Dr Eyjó is also responsible for curating the Council of Stellar Management. Democratically elected by the player-base, its members travel to Iceland twice a year as legitimate stakeholders in the organisation to present player concerns. It's not often pretty, and global CEO Hilmar Pétursson puts it bluntly, albeit with good grace: "They call us out on our bullshit."
Given the anecdotal atmosphere that permeates throughout the discussions at Fanfest, it's hard to resist sharing a story of my own with Nathan Richardsson, senior producer for EVE Online, following our interview: that the exploits of the Eurogamer Corporation led to a published article, which led to further work, until eventually I'm sitting here telling him this story face-to-face.
A quietly charismatic man in conversation, Richardsson has chosen to take a step back in order to allow the next generation of CCP developers to have their moment in the spotlight. That, of course, doesn't stop him from stripping down to his bright red budgie-smugglers for an on-stage appearance with the band at the closing party – there are certain expectations, after all.
Smiling, he tells me his own story. An old-school 0.0 Alliance player, he would create reams of design documents, bombarding CCP with his outlandish demands, until eventually they relented and offered him a position at the studio. For both of us, the virtual sandbox of EVE Online has had a very real and tangible effect on our lives.
As the last of the stragglers from this year's Fanfest make their way home, I find myself chatting to a player at the airport. He seems distracted and weary beyond the tedium of airline processing on the back of four days of hard drinking. Somewhere in the realms of outright agitation, in fact. Perhaps he's a nervous flier, I think, or maybe he's feeling the natural post-trip blues already.
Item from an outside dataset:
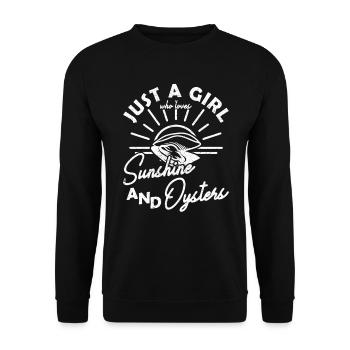 Just a Girl who Loves Sunshine and Oysters Austern - Unisex Sweatshirt - black - Front - Alina (178cm) & Michal (187cm)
Instead, we're back to that mischievous twinkle at the breakfast table.
With a look of good-humoured exasperation on his face, he tells me that an old adversary met with him at Fanfest, explaining at the end of their conversation that his absence from the game had been taken as the perfect opportunity to unleash a full onslaught onto his Corporation's infrastructure, now lying in near tatters.
For this particular player, the long and tedious wait at the airport gate, combined with the tiresome mechanics of real-life travel, has become an artificial barrier sitting between him and a resolution to the problem back home – where reality impatiently awaits.